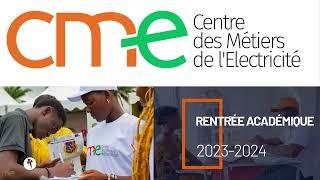 CENTRE DES MÉTIERS DE L'ÉLECTRICITÉ (CME) - RENTRÉE ACADÉMIQUE 2023-2024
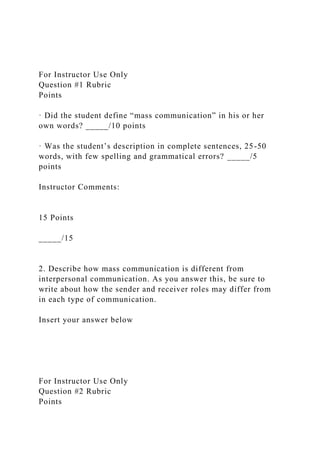 For Instructor Use Only
Question #1 Rubric
Points
· Did the student define “mass communication” in his or her
own words? _____/10 points
· Was the student’s description in complete sentences, 25-50
words, with few spelling and grammatical errors? _____/5
points
Instructor Comments:
15 Points
_____/15
2. Describe how mass communication is different from
interpersonal communication. As you answer this, be sure to
write about how the sender and receiver roles may differ from
in each type of communication.
Insert your answer below
For Instructor Use Only
Question #2 Rubric
Points
 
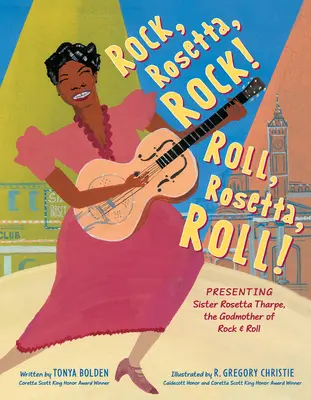 Rock, Rosetta, Rock! Roll, Rosetta, Roll!: Predstavujeme sestru Rosettu Tharpe, krstnú matku rock&rollu. - Rock, Rosetta, Rock! Roll, Rosetta, Roll!: Presenting Sister Rosetta Tharpe, the Godmother of Rock & Roll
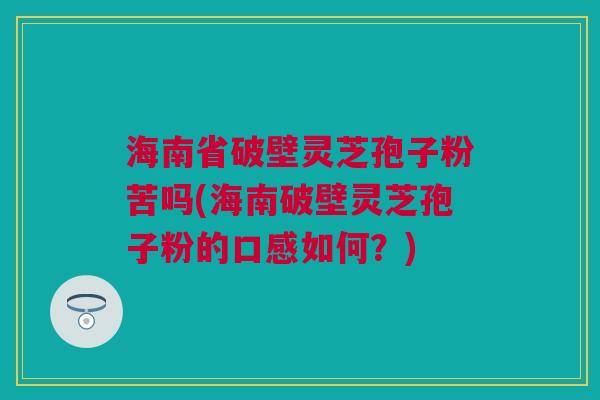 海南省破壁灵芝孢子粉苦吗(海南破壁灵芝孢子粉的口感如何?) 海南省破壁灵芝孢子粉苦吗(海南破壁灵芝孢子粉的口感如何?)
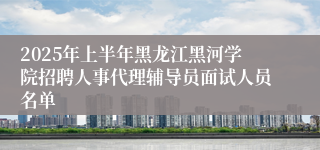 2025年上半年黑龙江黑河学院招聘人事代理辅导员面试人员名单                     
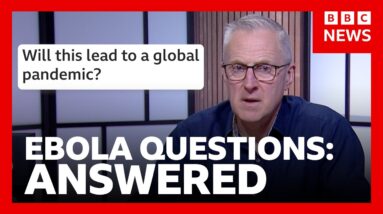 Ebola outbreak explained: What you need to know | BBC News
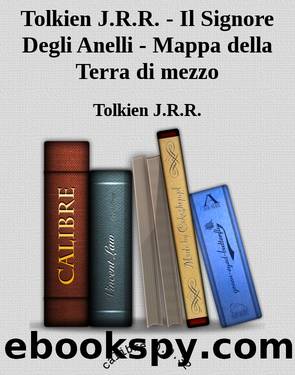 Tolkien J.R.R. - 1954 - Il Signore Degli Anelli - Mappa della Terra di mezzo by Tolkien J.R.R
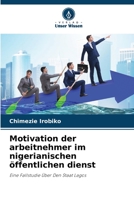 Motivation der arbeitnehmer im nigerianischen öffentlichen dienst: Eine Fallstudie Über Den Staat Lagos 6205871033 Book Cover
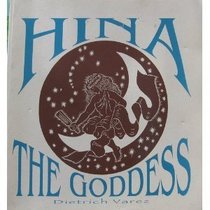 HINA, The Goddess
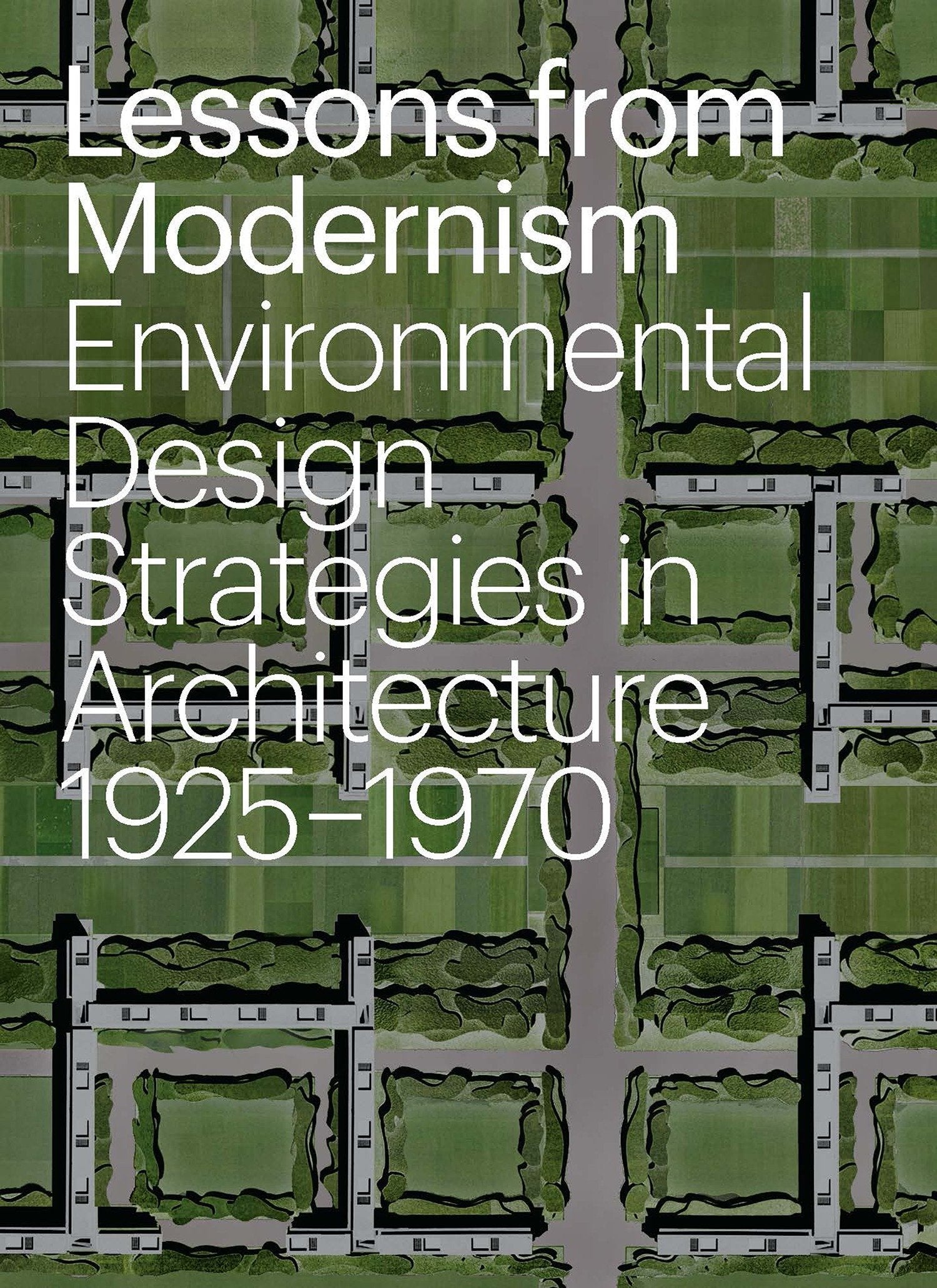 Lessons From Modernism: Environmental Design Strategies In Architecture, 1925  1970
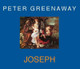 Joseph by Peter Greenaway 9782914563895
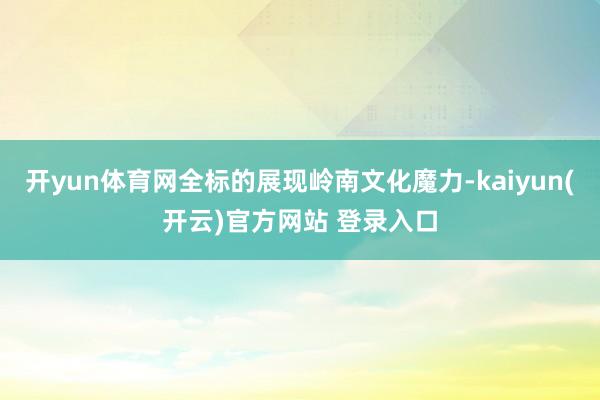 开yun体育网全标的展现岭南文化魔力-kaiyun(开云)官方网站 登录入口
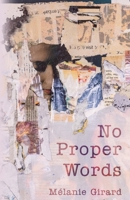 No Proper Words B0FR37WLL2 Book Cover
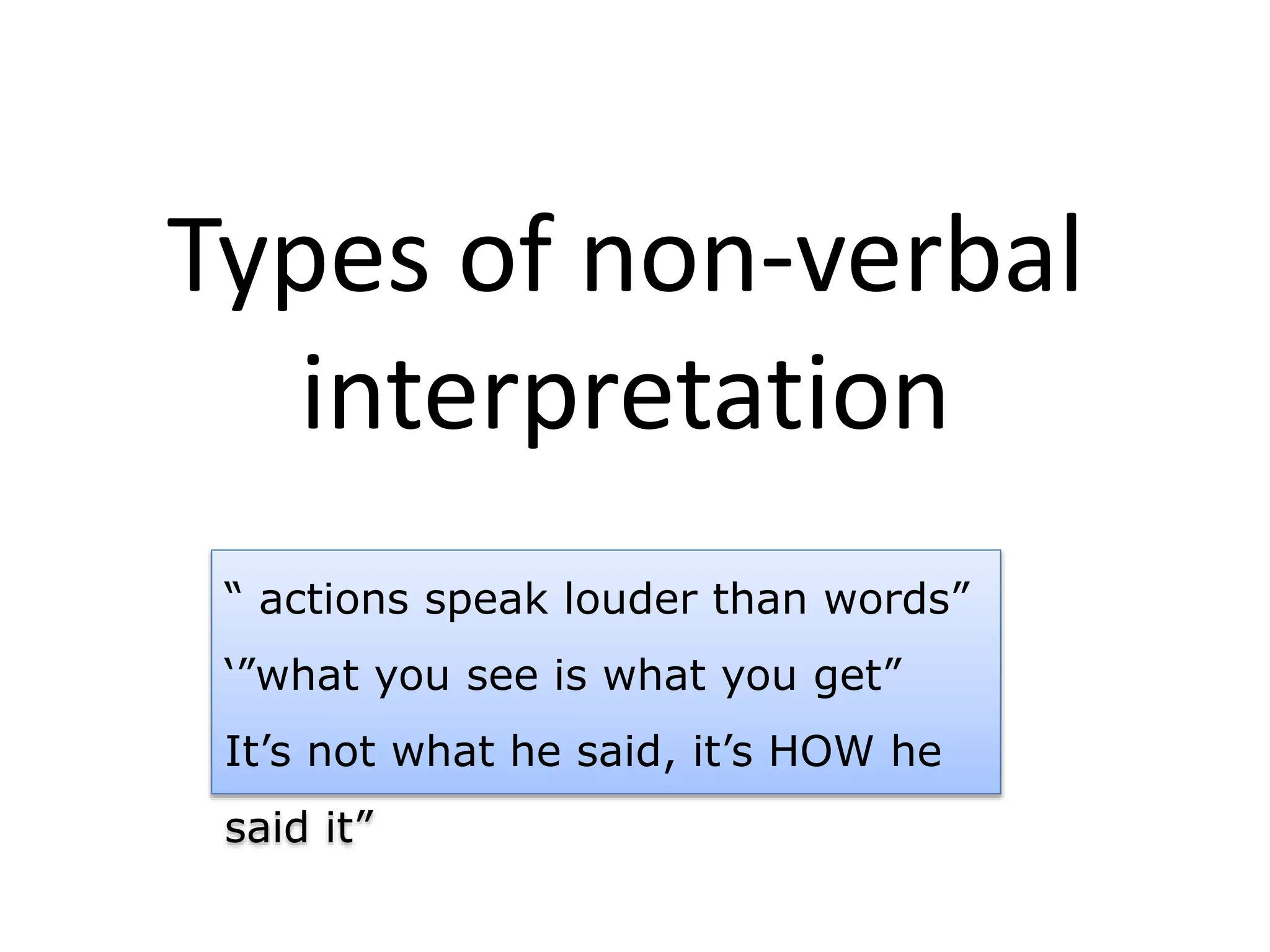 Types of non-verbal
interpretation
“ actions speak louder than words”
‘”what you see is what you get”
It’s not what he said, it’s HOW he
said it”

------------------------------------------------------------

*Exercise instructions*:
The entries above need an exact copy without their pictures.

*Your solution*:
 CENTRE DES MÉTIERS DE L'ÉLECTRICITÉ (CME) - RENTRÉE ACADÉMIQUE 2023-2024
 For Instructor Use Only
Question #1 Rubric
Points
· Did the student define “mass communication” in his or her
own words? _____/10 points
· Was the student’s description in complete sentences, 25-50
words, with few spelling and grammatical errors? _____/5
points
Instructor Comments:
15 Points
_____/15
2. Describe how mass communication is different from
interpersonal communication. As you answer this, be sure to
write about how the sender and receiver roles may differ from
in each type of communication.
Insert your answer below
For Instructor Use Only
Question #2 Rubric
Points
 
 Rock, Rosetta, Rock! Roll, Rosetta, Roll!: Predstavujeme sestru Rosettu Tharpe, krstnú matku rock&rollu. - Rock, Rosetta, Rock! Roll, Rosetta, Roll!: Presenting Sister Rosetta Tharpe, the Godmother of Rock & Roll
 海南省破壁灵芝孢子粉苦吗(海南破壁灵芝孢子粉的口感如何?) 海南省破壁灵芝孢子粉苦吗(海南破壁灵芝孢子粉的口感如何?)
 2025年上半年黑龙江黑河学院招聘人事代理辅导员面试人员名单                     
 Ebola outbreak explained: What you need to know | BBC News
 Tolkien J.R.R. - 1954 - Il Signore Degli Anelli - Mappa della Terra di mezzo by Tolkien J.R.R
 Motivation der arbeitnehmer im nigerianischen öffentlichen dienst: Eine Fallstudie Über Den Staat Lagos 6205871033 Book Cover
 HINA, The Goddess
 Lessons From Modernism: Environmental Design Strategies In Architecture, 1925  1970
 Joseph by Peter Greenaway 9782914563895
 开yun体育网全标的展现岭南文化魔力-kaiyun(开云)官方网站 登录入口
 No Proper Words B0FR37WLL2 Book Cover
 Types of non-verbal
interpretation
“ actions speak louder than words”
‘”what you see is what you get”
It’s not what he said, it’s HOW he
said it”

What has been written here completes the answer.